Roberts was the one and only choice of Curtis and director Roger Michell to play Anna — but what would have happened if she hadn’t accepted?
“I don’t like to consider that,” he said laughing.
“Notting Hill” is often called an homage to 1953’s “Roman Holiday,” for which Audrey Hepburn won an Oscar for playing a princess who slips out while visiting the Eternal City and falls in love with a newspaper reporter (Gregory Peck).
But the theory isn’t true.
“We had a meeting with Julia and her agent when she first agreed to do the part,” Curtis recalled. “As they were leaving, her agent said it’s such a beautiful tribute to ‘Roman Holiday.’ I hadn’t seen ‘Roman Holiday.’ Thank god I hadn’t because I might have been self-conscious. I am very glad I didn’t know.“
Originally, they were looking for an unknown actor to play Will. “We thought, wouldn’t it be fabulous — this is a movie about an unknown. We auditioned eight people over a day and by the end of it we said, ‘Oh f–k, it. Let’s go with Hugh.”
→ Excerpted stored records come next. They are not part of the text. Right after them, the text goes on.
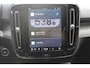 Volvo XC40 B3 177pk Automaat Plus Dark Google infotainment / Elektrisch verstelbare voorstoelen met geheugen voor de bestuurdersstoel / Stoel en stuurwielverwarming/ Harman Kardon Audio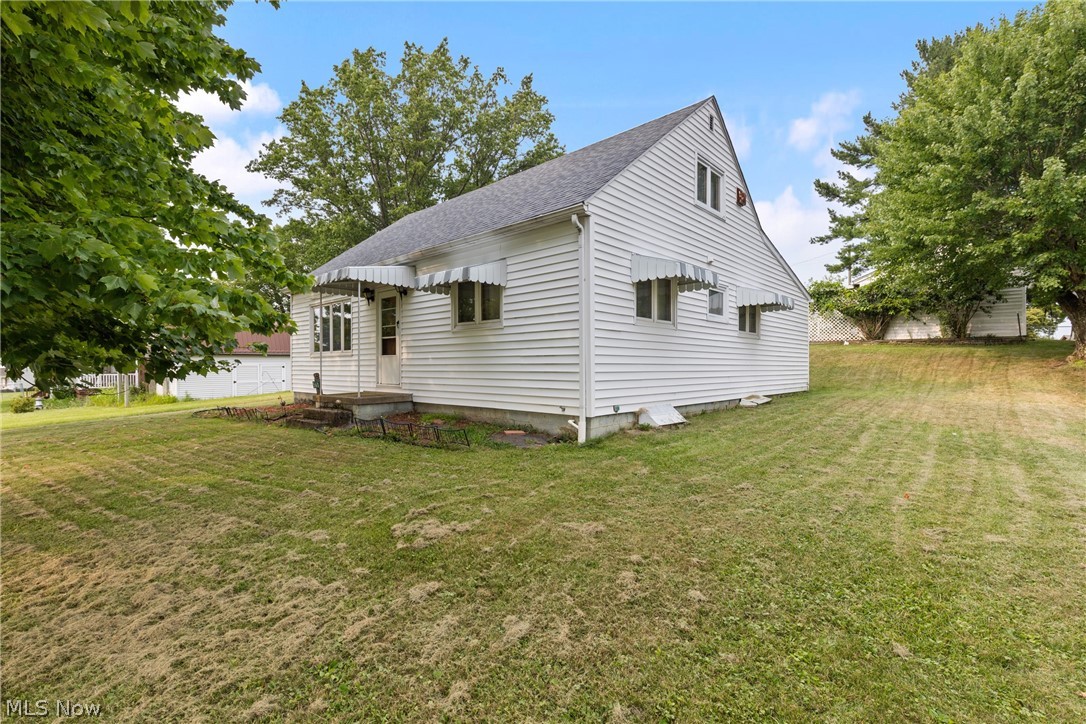 560 Hill Street Property Photo 3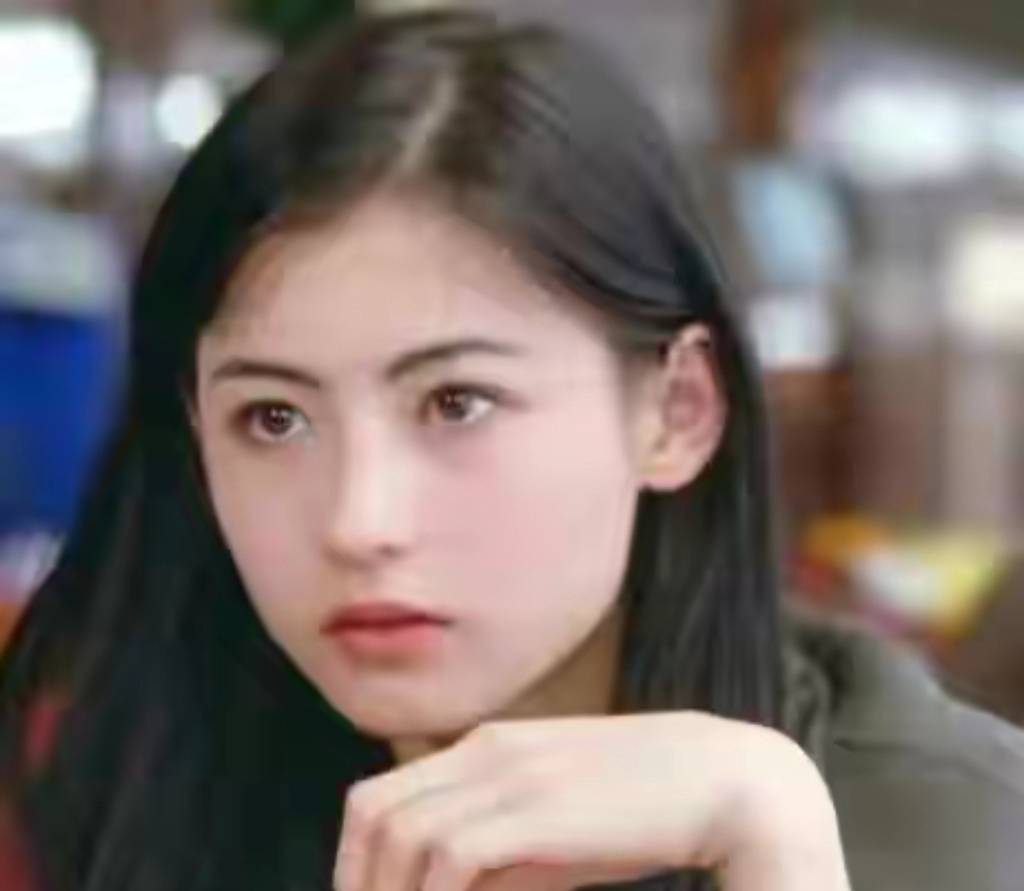 阿娇是余文乐的女朋友,张柏芝是谢霆锋的老婆,李美琪是吴彦祖的女朋友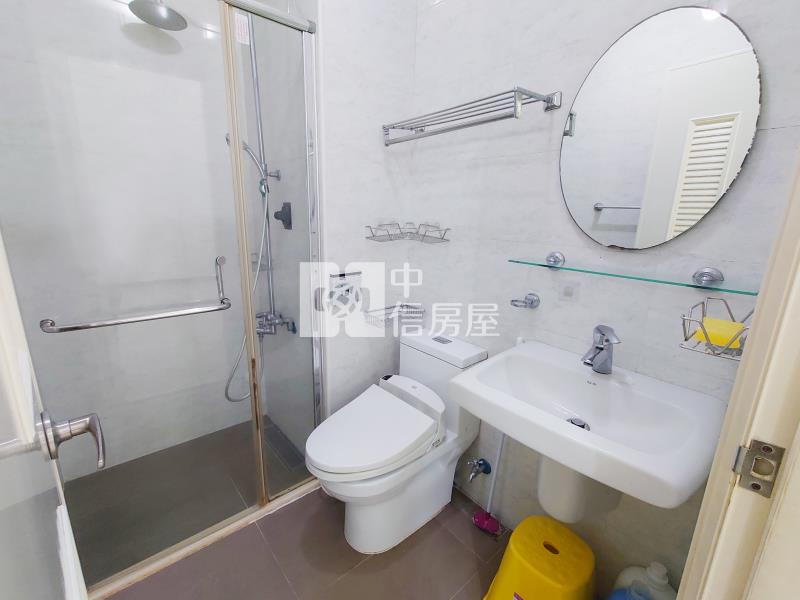 順天領航家2房平車房屋室內格局與周邊環境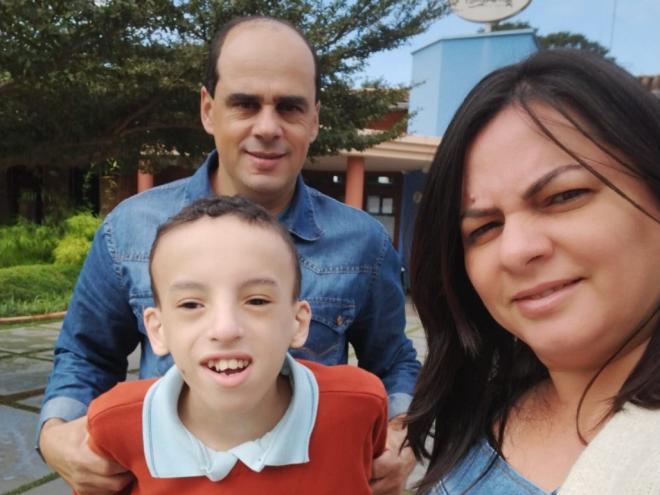 Os pais de Guilherme estão muito gratos pela ajuda que tiveram para arrecadar o valor necessário da cirurgia do filho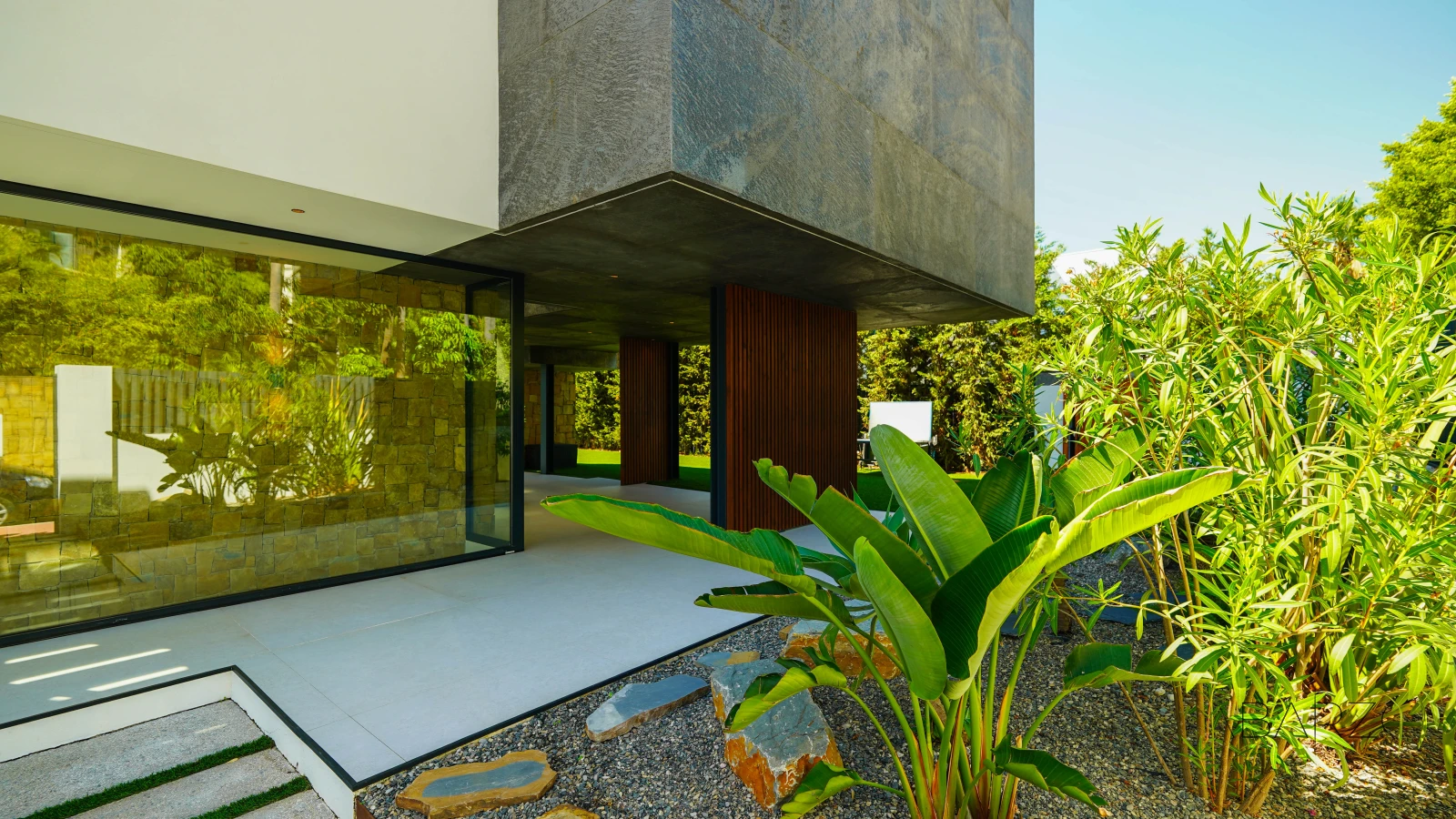 Contemporary villa in Sierra Blanca, Marbella with pool and sea views — interior, Golden Mile, Marbella (7 of 73)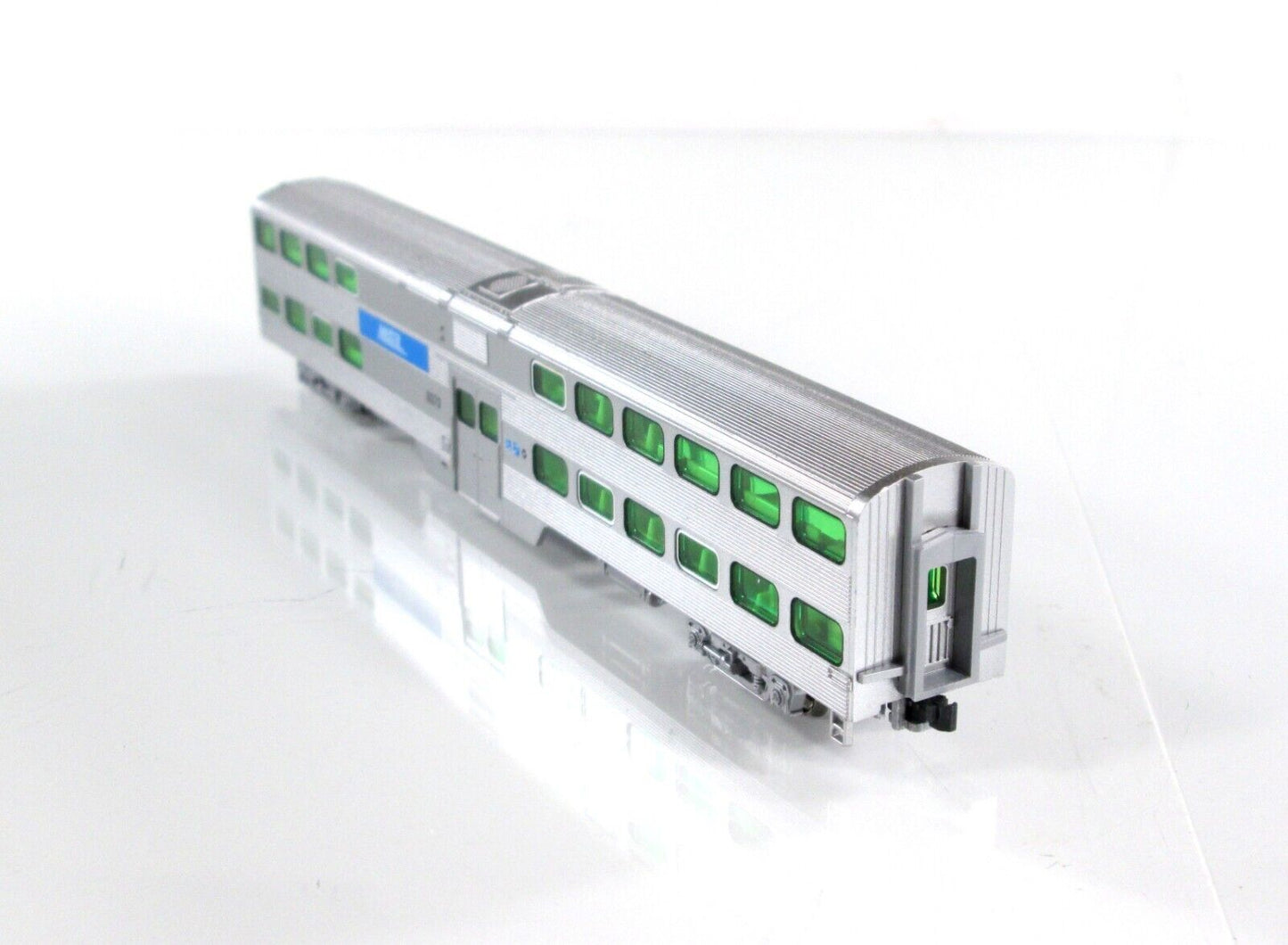 N Scale **CHICAGO METRA** Bi-Level Commuter Passenger Car #6070 -- Kato 106-8701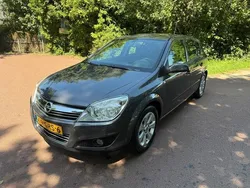 Grijs, metallic lak Gebruikt 2008 Opel Astra Hatchback | € 2.495 (Eerlijke prijs)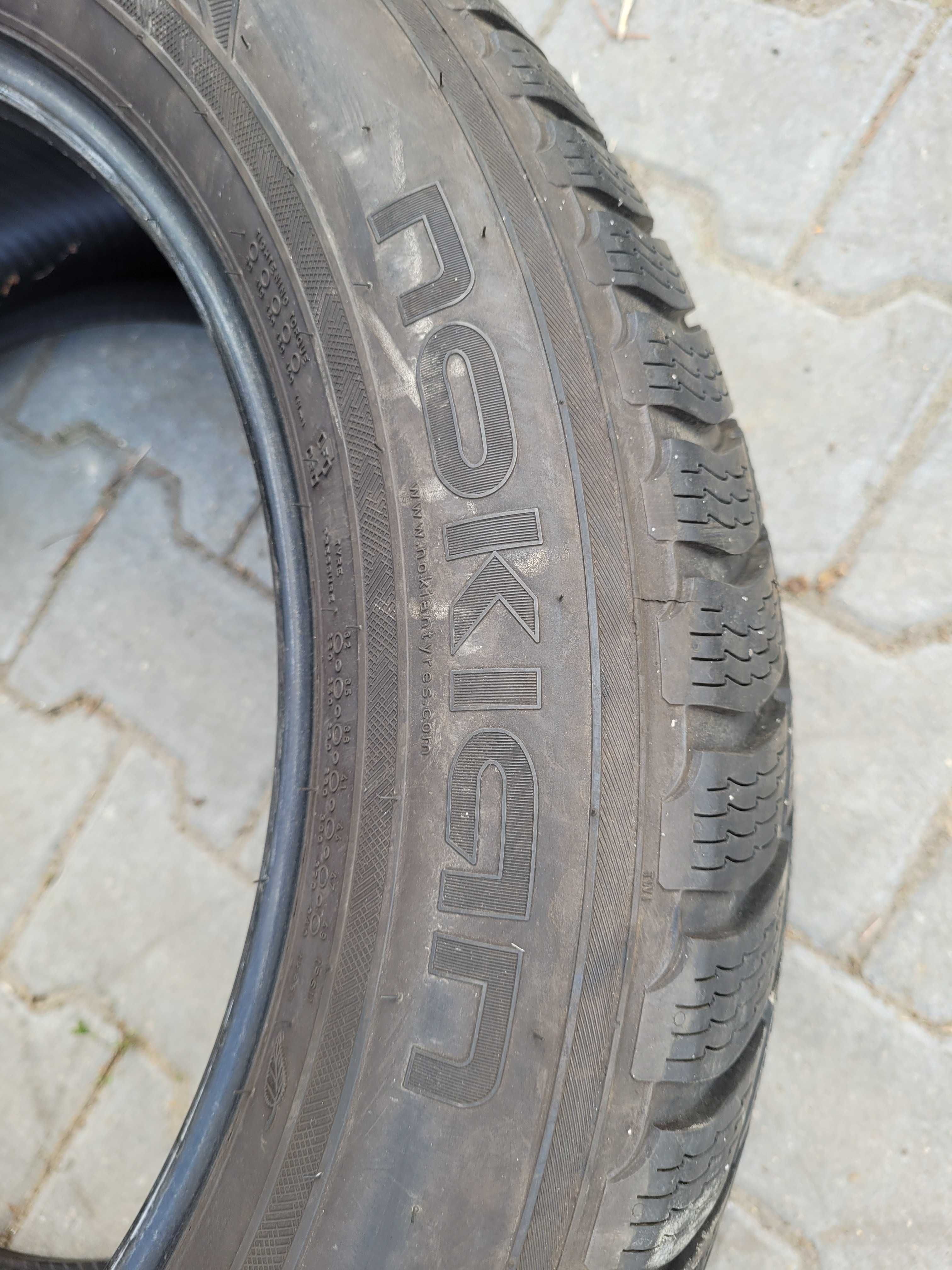 Komplet opon Nokian 275/50 R 20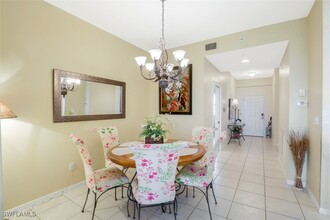 460 Launch Cir in Naples, FL - Building Photo - Building Photo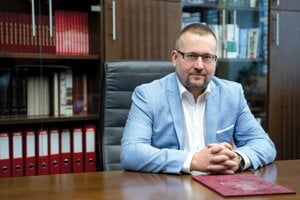Rektor prof. JUDr. Marek Števček, PhD.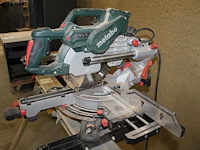 Afkort/verstekzaag metabo kgsv 72 xact sym op uitschuifbaar, inklapbaar en verrijdbaar onderstel metabo ksu... - afbeelding 2 van  6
What Curtis learned from “Four Weddings and a Funeral” director Mike Newell is that when a movie is cast, the work is “75% done. So, he was unbelievably thorough for even the smallest part. Roger Michell, coming from theater, was exactly the same. So, we tended to spend an unrealistic amount of time casting the movie especially those friends. We wanted to get the right people.”
“We had two weeks’ rehearsals,” said McInnerny. “That’s really important. Julia was there all the time. You can’t invent knowing somebody for 20 years. You have to be together and understand each other’s sense of humor so that you can play with each other on the set and trust each other.”
That trust was especially important when McInnerny had to carry McGee up the stairs. “We did that 19 times. The shot didn’t quite work. I wouldn’t be able to do it now. But I loved working with Gina. We had such a good time.”
McInnerny says he will love Roberts forever because of the kindness she showed his mother at the London premiere.
“I was talking to Julia,” he recalled. “She said to me, ‘So, who have you brought here?’ I said, “I brought my sister and my brother-in-law and a couple of friends and my mom.’ She said, ‘Your mom? I want to meet her.’ I took her to meet my mom who’s sitting in a big chair. She sat on the arm of my mom’s chair and told me to go away. She talked to my mom for 25 minutes.”
When he asked his mother what Roberts had to say, his mother said, “It’s private!”